Tuesday, November 12, 2013

Baptist Distinctives (Chapter 2)

After reading Pascal Denault's The Distinctiveness of Baptist Covenant Theology:  A Comparison Between 17th Century Particular Baptist and Paedobaptist Federalism, I decided to collect my thoughts and make some chapter-by-chapter observations.  You can find my post on the Introduction here and Chapter 1 here.  For a general overview of the covenants found in the Bible, see my post on Redemptive History here.  Now let's look at Chapter 2 called 'The Covenant of Grace'.

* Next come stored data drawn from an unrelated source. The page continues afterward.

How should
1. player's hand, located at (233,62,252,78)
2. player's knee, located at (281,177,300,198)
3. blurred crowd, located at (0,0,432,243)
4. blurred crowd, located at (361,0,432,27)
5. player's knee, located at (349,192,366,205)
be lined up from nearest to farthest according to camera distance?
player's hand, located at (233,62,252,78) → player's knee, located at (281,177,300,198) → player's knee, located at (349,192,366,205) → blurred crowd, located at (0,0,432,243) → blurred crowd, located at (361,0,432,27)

I can do no better than quote Mr. Denault at length regarding the Presbyterian view of the Covenant of Grace:

"...all paedobaptists considered that the children of believers had God as their God, at least in an external fashion, under the administration of the Covenant of Grace...Because no man has been saved other than through the grace of God since the fall, the reformed considered that there had only one Covenant of Grace in the whole history of redemption.  The Covenant of Grace was the substance by which seventeenth-century theologians united the Bible from whence came their paradigm:  one covenant under several administrations.  In establishing a distinction between the internal substance and the external administration of the Covenant of Grace, the Presbyterians managed to maintain the unity of this covenant while admitting a certain disparity between the different administrations.  What is more, by separating the substance and administration, the paedobaptists introduced a notion of mixed nature with the Covenant of Grace by which they explained that "unconverted" people could be in the covenant without taking part in its substance while being hermetically contained in its administration.  Finally, in considering the Old and New Covenants simply as administrations of the same covenant by insisting on the identity of their substance, the paedobaptists perpetuated a principle given to Abraham:  "I will be your God and the God of your posterity."  This principle allowed the paedobaptists to consider their children as members of the Covenant of Grace and, by making the distinction between the substance and administration, they justified a legitimate place for them:  that of the unregenerate who participate nevertheless in the Covenant of Grace and who receive the seal:  formerly circumcision now baptism.

...Presbyterian federalism extended the reach of the death of Christ to all the members of the covenant, but limited it salvific efficacy to the elect.  Consequently, Presbyterian federalism was comparable to Arminianism, but limited to the Covenant of Grace."

The 1689 federalism can be summarized as one covenant revealed progressively and concluded formally under the New Covenant:

"Benjamin Keach, one of the main Baptist theologians of the second half of the seventeenth century, ratifies this view of the Covenant of Grace when he describes its four sequences:  1. It was first decreed in past eternity, 2. It was secondly revealed to man after the Fall of Adam and Eve, 3. It was executed and confirmed by Christ in his death and resurrection, and 4. It become effective for its members when they are joined to Christ through faith.

...Baptists considered that no other covenant, besides the New Covenant, was the Covenant of Grace.  They still recognized that the Covenant of Grace had been revealed under all the covenants since the fall, but distinguished between the actual substance of these covenants and the Covenant of Grace itself."


"And this I say, that the covenant, that was confirmed before of God in Christ, the law, which was four hundred and thirty years after, cannot disannul, that it should make the promise of none effect.  For if the inheritance be of the law, it is not more of promise; but God gave it to Abraham by promise," (Gal. 3:17-18).